History records that Madison lost the battle over this "negative," and that the defeat sorely shook his confidence in the result. Indeed, some historians — Charles Hobson and John Roche among them — look at Madison's bulldog attempts to force this negative power into the Constitution (even to the point of trying to reinstate it later on in the convention) as evidence that Madison was much more of a nationalist in the Hamiltonian sense than he let on, and therefore the final federalist character of the Constitution was far from Madison's original intent.
"It is indeed astonishing how those who have glibly designated James Madison the 'father' of Federalism have overlooked the solid body of fact which indicates that he shared Hamilton's quest for a unitary central government," Roche writes.
Hobson goes further, claiming that the "image of Madison as 'Father'... is "not accurate," and for proof he points to Madison's "immoderate digression" in his now-famous letter to Jefferson of October 24, 1787. That "digression" was an attempt on Madison's part to explain the importance of his "negative power," and Hobson's analysis of this "digression" leads him to conclude that Madison was so dismayed by his failure to get his "negative" that he (Madison) was "highly dissatisfied with, not to say contemptuous of, the proposed government."

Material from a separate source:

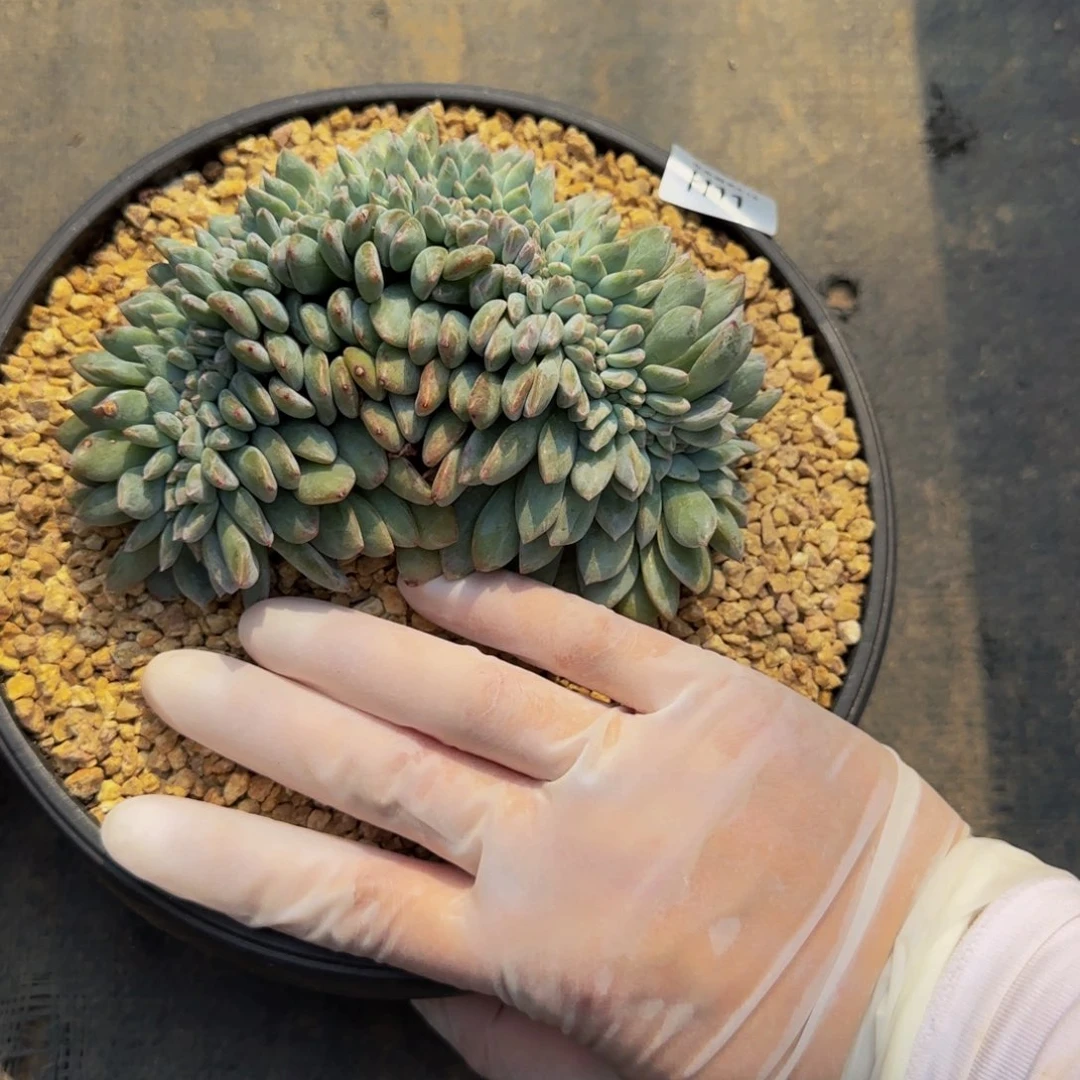 h h h h h h h h 11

To this writer, however, it misses the point to say that Madison's disappointment in the final result shows he was not the "father" of the Constitution. (It is also historical hyperbole to imply that Madison was "contemptuous of" the final document. Nowhere have I found in Madison's writings regarding the Constitution anything that even approaches contempt.) For one thing — to borrow their parental metaphor — a man's dismay at a child's fate has no bearing one way or the other on whether he is the child's parent (then again, as the wise King Solomon intuitively understood, a manifest concern for the child's condition usually argues for a person's parentage!). Indeed, Hobson and Roche present an "apples and oranges" argument. That the Constitution did not end up being the document Madison originally proposed does not speak to the extent of his work on, or contribution to, the document the Founding Fathers did fashion in Philadelphia. So the final product was less "national" than he originally wanted; he was still instrumental in devising the more "federal" government that was enshrined in the Constitution, and he was just as instrumental in getting it ratified.
What's more, in the long run Madison's failure to get his negative didn't matter, both because — as historian Roger Brown has written — the convention delegates "instead proscribed the states from undesirable actions by specific prohibitions, including a ban on coinage and paper money...," and because, "the Framers approved the supremacy clause that made the Constitution, treaties and federal laws 'the supreme law of the land'..." This effectively made Madison's "negative" unnecessary, as did the delegates decision to make the judiciary the umpire in any dispute between the states and the central government. Hobson himself writes, "the decision to discard the negative was made easier because a judicial means of achieving the same ends had emerged during the deliberations."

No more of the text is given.